Jangan Salahkan Mbekk!!!




Tadi siang, waktu beli nasi di warung, saya jumpai seorang gadis sedang makan bersama seorang anak kecil. Kira-kira usianya masih belasan tahun lantaran ia mengenakan seragam SMA. Sedangkan si anak kecil usianya kira-kira 2 tahunan. Saya kurang tahu apa hubungan mereka. Tapi, kalau tidak salah dengar, anak itu memanggil "ibu" pada si gadis. 

Sembari menunggu penjual meracik menu makan siang Dingo (nasi dan ati ampela), saya diam-diam mengamati. Si anak sepertinya sedang rewel, tidak mau disuapi, dan kakinya selalu ingin bergerak menuju jalan raya. Si gadis, tanpa beranjak dari duduknya, mencengkeram lengan si anak sampai anak hendak menangis. Anak itu berusaha melepaskan diri. Keduanya saling tarik menarik (tenang saja, nggak kayak di sinetron kok.. ^^).

"Heh sini! Ada mbekk lho.. Kamu nanti dimakan mbekk lhoo..!!" Si Gadis berujar. Si anak tak peduli dan terus berusaha keras melepaskan diri. Dan saya prihatin melihatnya.

Banyak di antara kita yang disadari/tidak sering melontarkan kalimat-kalimat semacam itu untuk menutupi 'rasa malas' kita mengikuti langkah anak-anak. Kita sering sekali bilang, "Hi, ada gendrowo di sana""Awas ada setan!""Awas ada anjing galak", untuk menakuti anak-anak agar langkah mereka urung. 

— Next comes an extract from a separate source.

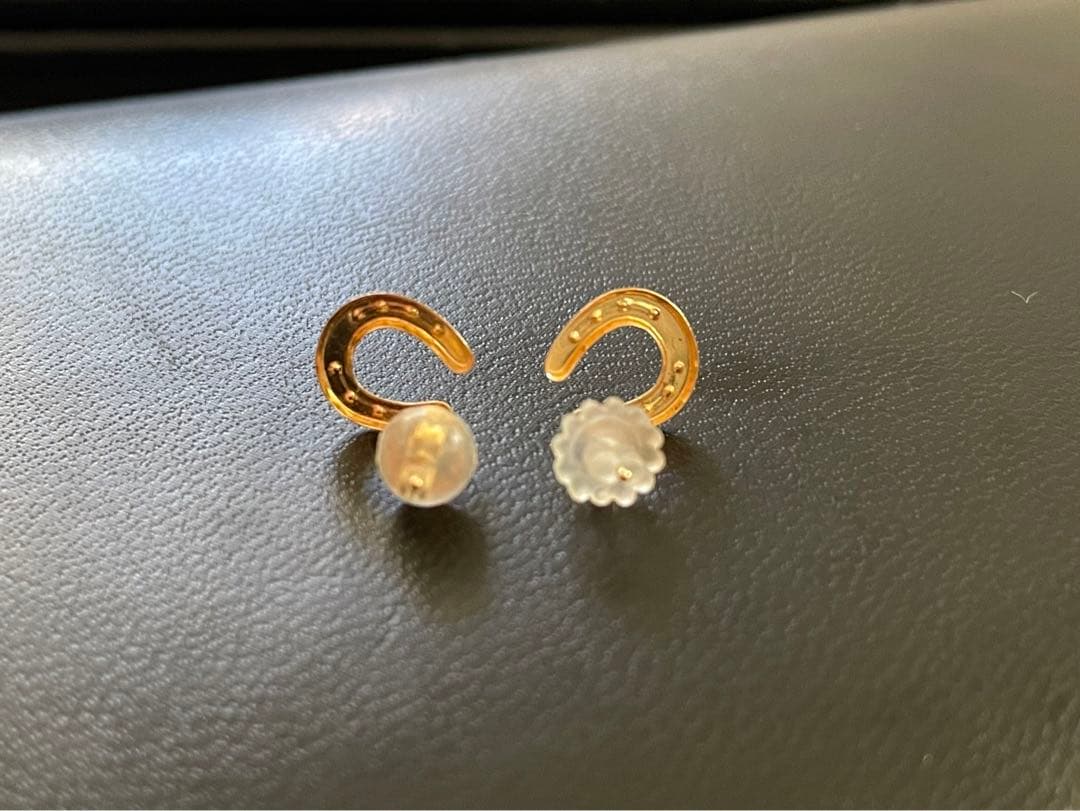 18金　ゴールド ホースシュー型 ピアス(両耳用)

Apa sih yang salah dengan Mbekk Kambing, Gendrowo, Setan, Anjing dll? Kenapa anak-anak harus dikenalkan pada 'ketakutan' yang semu? Tidak bisakah kita menggunakan kalimat-kalimat yang baik dalam memberikan larangan.

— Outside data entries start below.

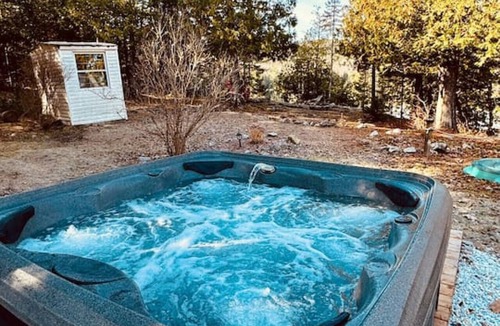 Blue Sea Cottage | Zulu Zen waterfront cottage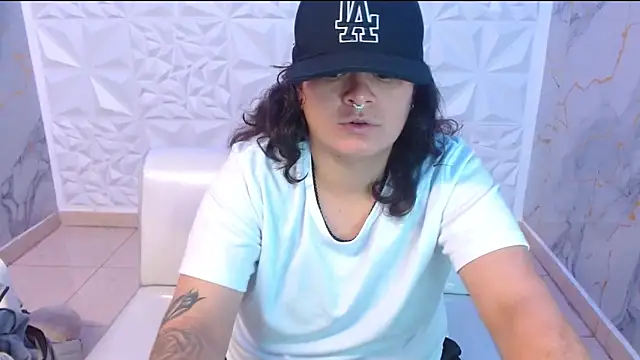 snowflake xxx online show from 03/28/26, 01:06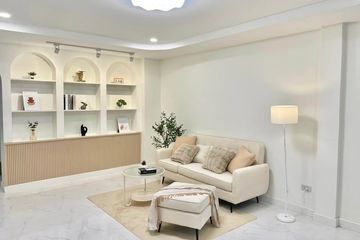 3 Bedroom Townhouse for sale in Mae Hia, Chiang Mai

Anak-anak usia 2-5 tahun memang melelahkan untuk diikuti. Jarang yang bisa tenang. Lari ke sana, lari ke sini. Lompat ke sana, lompat kemari. Begitulah. Harusnya orangtua senang karena pada masa itu anak-anak membutuhkan banyak latihan motorik kasar/halus. Sayang, mayoritas orangtua lebih senang kalau buah hatinya duduk tenang, belajar. Aktivitas motorik, selama itu tidak merugikan orang lain atau anak yang bersangkutan masih bisa dibilang wajar. Berkaitan dengan hal ini, orangtua sering merasa cemas bila buah hatinya tidak bisa diam, malah merasa buah hatinya bergangguan perilaku. Perlu saya tekankan, jangan mudah melabel gangguan bila Anda memang tidak paham. Konsultasikan pada psikolog anak saja daripada menerka-nerka.

Kembali pada masalah pemberian larangan atau bertutur kata pada umumnya, sebaiknya kita menggunakan kalimat larangan yang jelas dan tegas. Katakan saja, "Tidak!" atau "Tunggu sebentar, ibu mau makan!" atau kalimat-kalimat lain yang tidak bernada menakuti. Sebagai orangtua, sebaiknya kita lebih sering memantau dan ikut andil dalam aktivitas yang dilakukan anak-anak. Ajari mereka untuk 'waspada' sebagaimana mestinya tanpa mengkambinghitamkan makhluk lain. Semesta ini penuh kebaikan dan anak-anak harus tahu itu.